Terdakwa mantan Kajari Buleleng, Fahrur Rozi, S.H., M.M., saat memberikan kesaksiannya di Pengadilan Tipikor Denpasar. (BP/Asa)

DENPASAR, BALIPOST.com – Sidang dugaan korupsi dan gratifikasi dengan terdakwa mantan Kajari Buleleng, Fahrur Rozi, S.H., M.M., dan pengusaha Suwanto, di Pengadilan Tipikor Denpasar, Rabu (27/12), memasuki pemeriksaan terdakwa, sekaligus saling bersaksi.

Namun demikian, sidang pimpinan KPN Denpasar Nyoman Wiguna itu, terlebih dahulu memeriksa saksi meringankan yakni keponakan Fairuz Rozi.

Ada beberapa terungkap dalam sidang yang diajukan JPU dari Kejaksaan Agung tersebut. Yakni soal panfaatan dana BOS dan Dana Alokasi Khusus, untuk pengadaan buku dari CV Aneka Ilmu milik pengusaha Suwanto. Yang lebih miris, soal pengadan buku di Buleleng, ada indikasi bahwa terdakwa selaku Kajari Buleleng manfaatkan sekolah yang bermasalah dengan penggunaan dana BOS dan juga memanfaatkan kades bermasalah yang terindikasi bermasalah dengan dugaan korupsi yang ditangani bidang Pidsus Kejari Buleleng.

Sebagaimana terungkap di persidangan di Pengadilan Tipikor Denpasar, JPU dari Kejaksaan Agung awalnya bertanya terkait persoalan ketika terdakwa sebagai Kajari Buleleng. Yakni kurun waktu 2016-2018.

Dijelaskan Fahrur Rozi, selaku saksi sekaligus terdakwa, bahwa awalnya dia mengaku ditelepon oleh terdakwa Suwanto. “Saat itu hari Sabtu. Dia datang ke Denpasar dan minta dikenalin sama Bapak Bupati,” ucap Fahrur Rozi. Dan kajari pun dijemput oleh Andi Saiful dan bertemu di sebuah hotel. “Lalu saya kenalkan ke Bapak Bupati bahwa temannya (Suwanto) adalah pengusaha buku. Beliau bilang ya bagus, ” kata mantan Kajari Buleleng tersebut.
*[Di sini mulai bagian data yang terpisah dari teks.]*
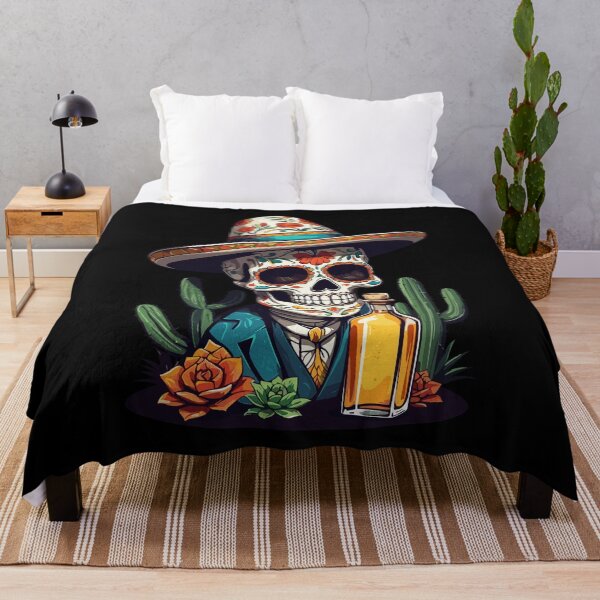 Item preview, Sugar Skull Iconic Mexico Drink Celebration designed and sold by LuminOrb.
Baca juga:  Ledakan di Mapolrestabes Surabaya, 10 Jadi Korban

Dari sana muncul untuk berkordonasi dengan kadis pendidikan. Hari berikutnya kembali rembug di sebuah hotel di Sanur, lalu Senin saat hari kerja baru ke Buleleng. Di sana dikenalin pada salah satu kabid di dinas pendidikan.

JPU menanyakan soal sasaran kepala desa, dan diuraikan bahwa ada program perpustakaan desa dan taman baca untuk meningkatkan minat baca masyarakat. Dari sanalah kemudian muncul dua kegiatan yang bersumber dari dana BOS yaitu dana untuk pemgadaan buku reguler dan kedua ada dana desa.

Pembicaraan kedua, yakni pada hari berikutnya saat datang ke dua kalinya Suwanto ke Kejari Buleleng, di sana juga bertemu Sekda Buleleng. Kajari mengenalkan ke Sekda bahwa Suwanto ingin menawarkan buku untuk perpustakaan ke kecamatan dan dinas-dinas. Namun saat itu sekda tidak mempersilahkan. “Saya ingat benar, Sekda hanya bilang, kalau soal ini (pengadaan buku) harus dibahas di DPRD dulu. Tapi bagaimana ya uang saya (uang terdakwa di Suwanto),” kata Fahrur di depan persidangan.

Baca juga:  Denpasar Perpanjang Masa Belajar di Rumah, Sekolah Tak Perlu Lakukan Evaluasi Pembelajaran

Jaksa mulai membaca berkas acara pemeriksaan di Kejaksaan Agung yang menyinggung soal pemanggilan sekolah bermasalah di Buleleng. Fahrur menyebut bahwa pihaknya memanggil sekolah-sekolah yang bermasalah dengan melibatkan kasiintel Kejaksaan yang salah satunya di SMP terkait dengan pengelolaan dana BOS. Namun kata terdakwa, kepala sekolah dicerahkan supaya tidak ada masalah dengan penggunaan dana BOS di sekolah. “Begitu juga terkait buku perpustakaan desa. Gayung tersambut, K3S datang, ya mereka bilang pak jakasa kami mau ambil (paket pengadaan buku),” ucap Fahrur Rozi.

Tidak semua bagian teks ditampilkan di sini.